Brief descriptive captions

++++++++++++++++++++

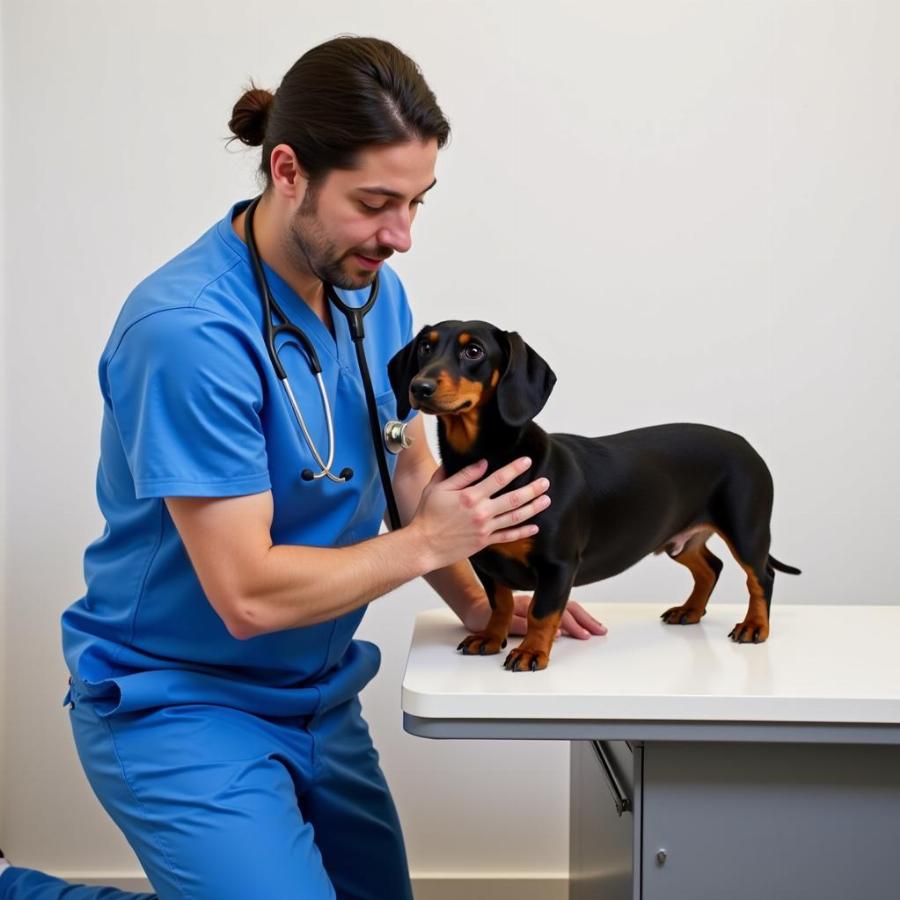 miniature dachshund getting an exam by a veterinarian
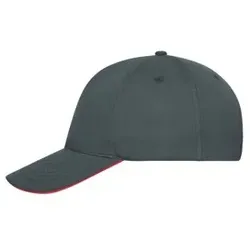 5 Panel Sandwich Cap Bio Baumwolle MB6238, graphit/rot, Einheitsgröße - graphit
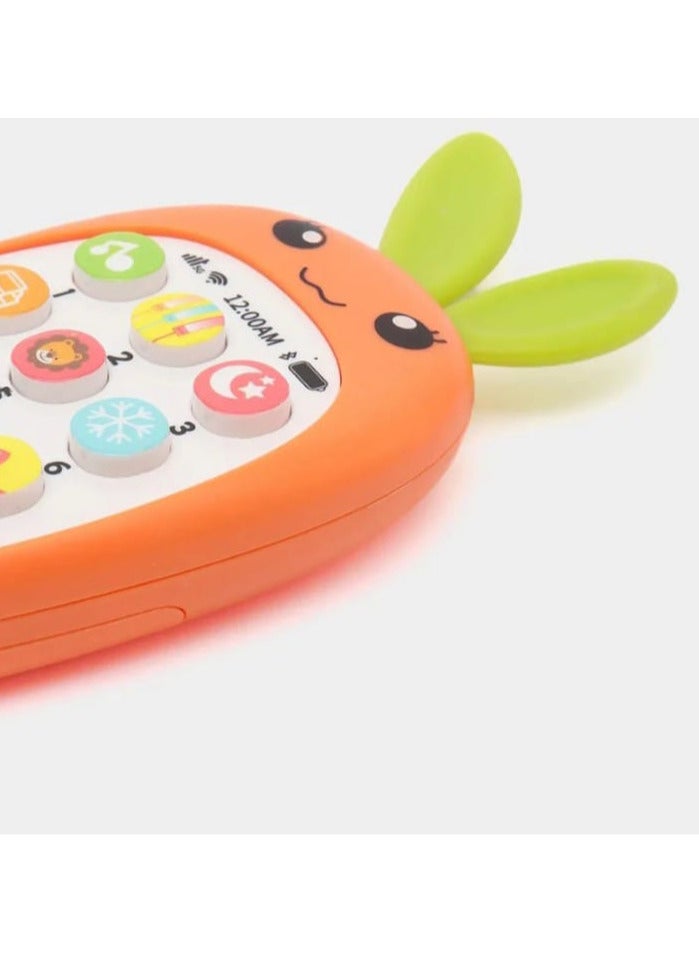لعبة هاتف موسيقى للأطفال مع هاتف محاكاة عضاضة للرضع لعبة تعليمية مبكرة للأطفال بتصميم أرنب(برتقالي) - Image 3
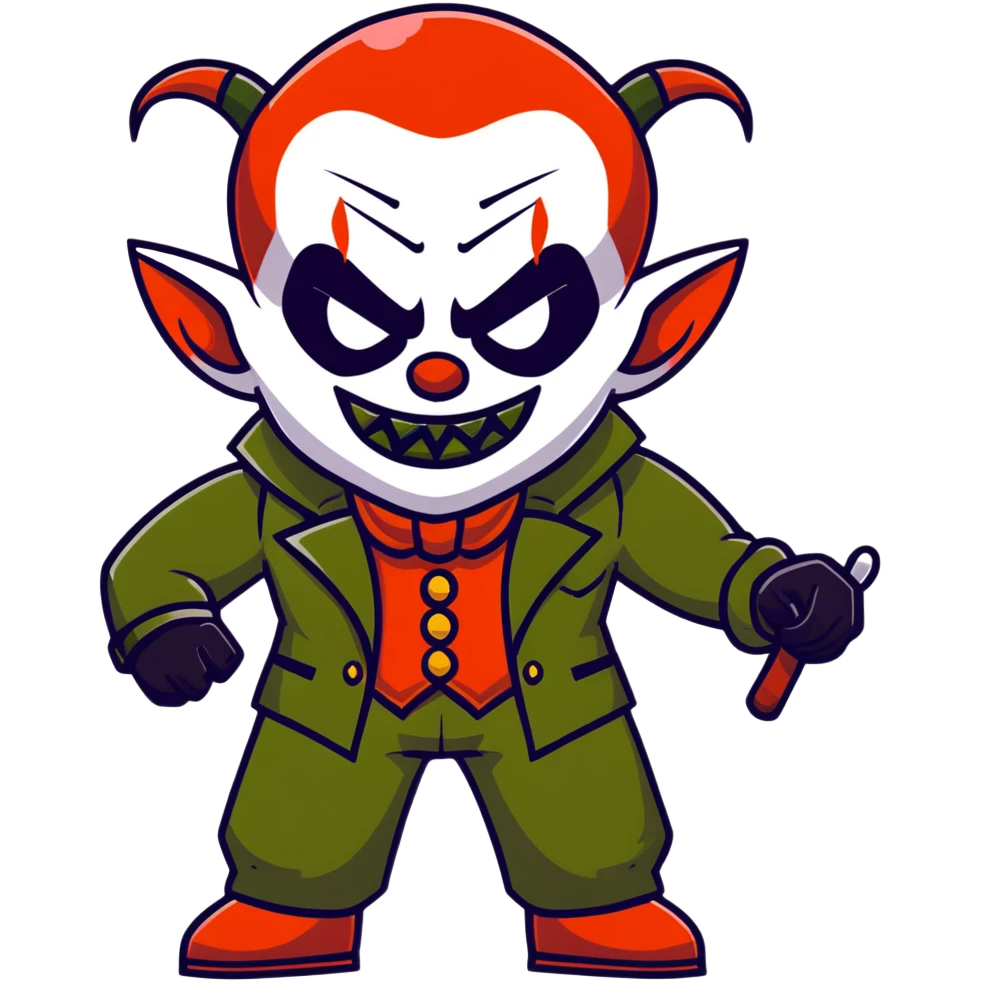 evil clown warrior, bald, short black devil-like horns on forehead, fangs, pointed ears, black and military green leisure suit with bellbottom pants, realistically proportioned, less bulky, full body visible, battle-ready fighting posture emoji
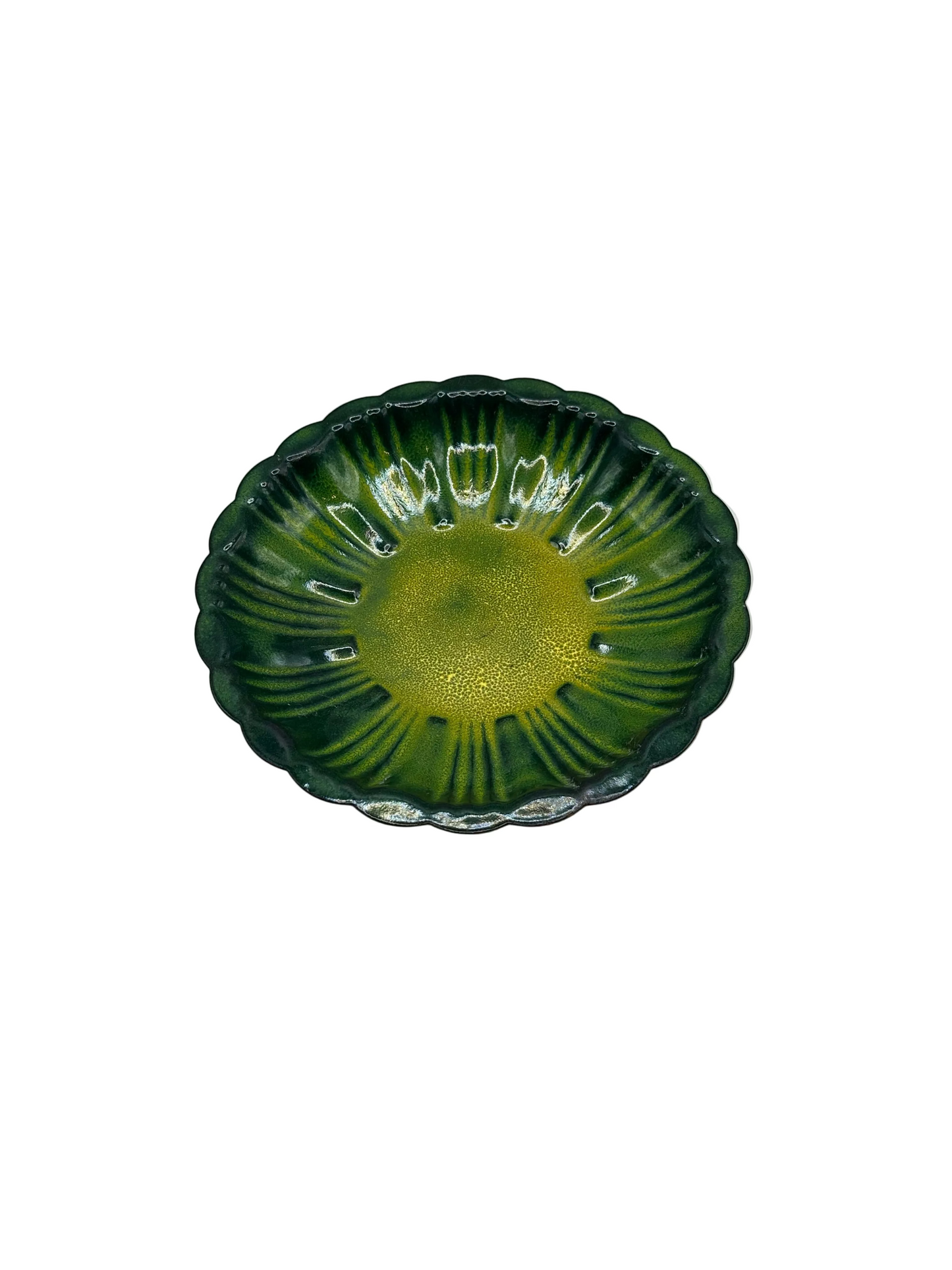 Vintage MCM green striped enamel dish, top view of scalloped bowl with yellow-green center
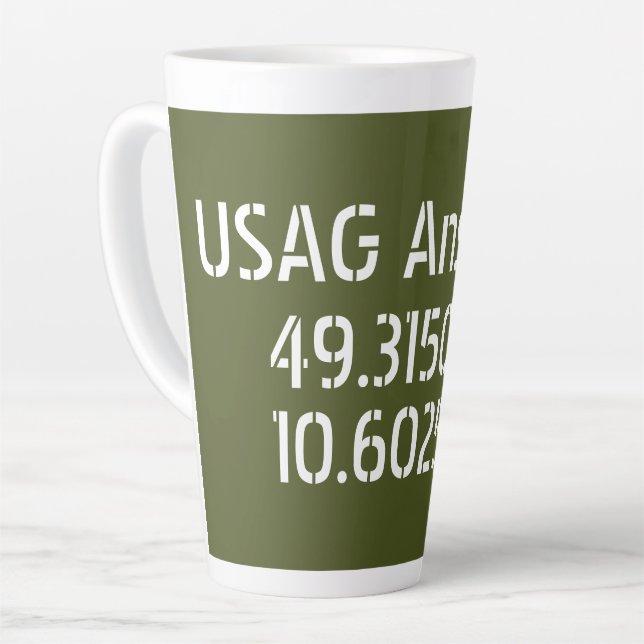 USAG Ansbach Latitude Longitude  Latte Mug (Left Angle)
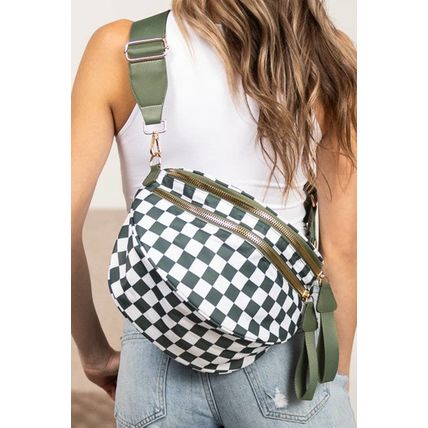 Blackish Green Checkered Print Wide Strap Large Crossbody Bag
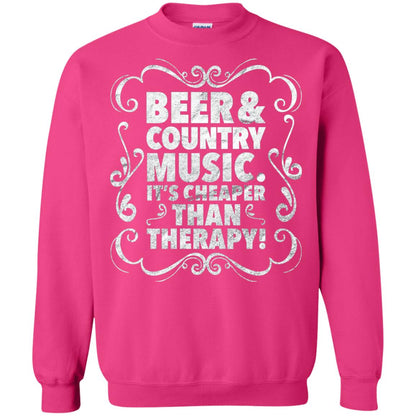 Beer Andcountry Music Its Cheaper Than Therapy Shirt Heliconia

++++++++++++++++++++

Your assignment: Reproduce the entries above exactly. Do not include the images.

Solution to the exercise:
 miniature dachshund getting an exam by a veterinarian
 5 Panel Sandwich Cap Bio Baumwolle MB6238, graphit/rot, Einheitsgröße - graphit
لعبة هاتف موسيقى للأطفال مع هاتف محاكاة عضاضة للرضع لعبة تعليمية مبكرة للأطفال بتصميم أرنب(برتقالي) - Image 3
 evil clown warrior, bald, short black devil-like horns on forehead, fangs, pointed ears, black and military green leisure suit with bellbottom pants, realistically proportioned, less bulky, full body visible, battle-ready fighting posture emoji
 Vintage MCM green striped enamel dish, top view of scalloped bowl with yellow-green center
 USAG Ansbach Latitude Longitude  Latte Mug (Left Angle)
 Blackish Green Checkered Print Wide Strap Large Crossbody Bag
 Beer Andcountry Music Its Cheaper Than Therapy Shirt Heliconia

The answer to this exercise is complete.